(Problem statement) Omitting the pictures, print every line below exactly as it stands.

(Given data)
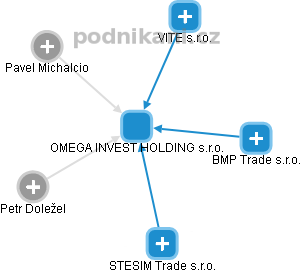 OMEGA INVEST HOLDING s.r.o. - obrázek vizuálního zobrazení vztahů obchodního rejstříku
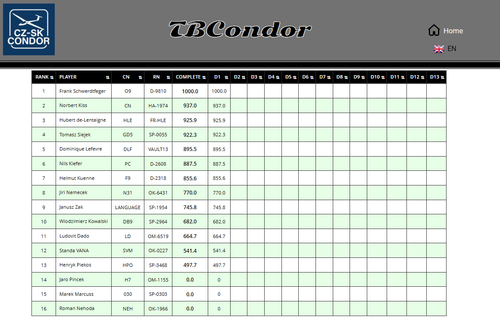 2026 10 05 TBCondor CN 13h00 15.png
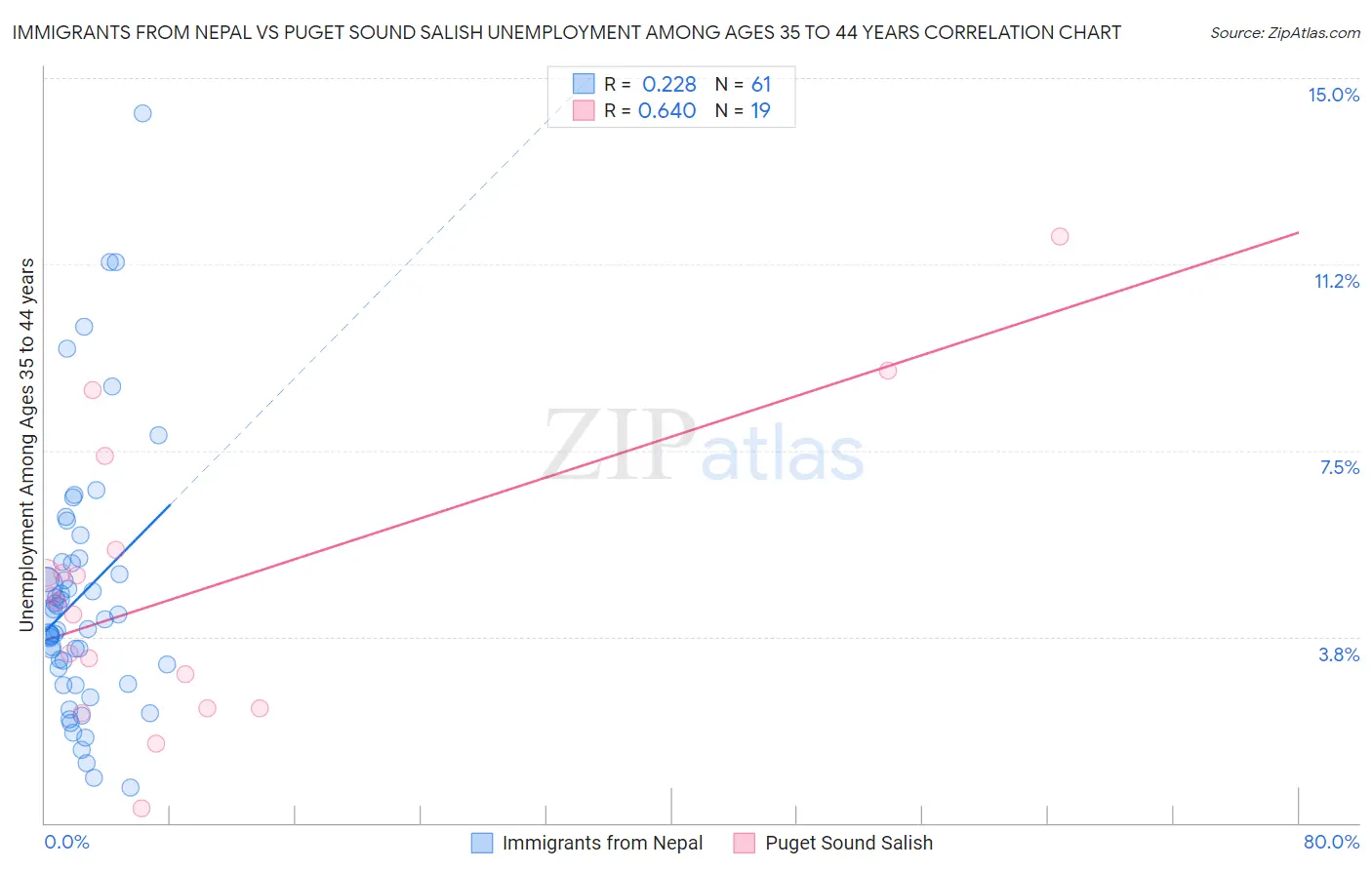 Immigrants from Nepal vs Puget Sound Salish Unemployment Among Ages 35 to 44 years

(Written answer)
 OMEGA INVEST HOLDING s.r.o. - obrázek vizuálního zobrazení vztahů obchodního rejstříku
 2026 10 05 TBCondor CN 13h00 15.png
 Immigrants from Nepal vs Puget Sound Salish Unemployment Among Ages 35 to 44 years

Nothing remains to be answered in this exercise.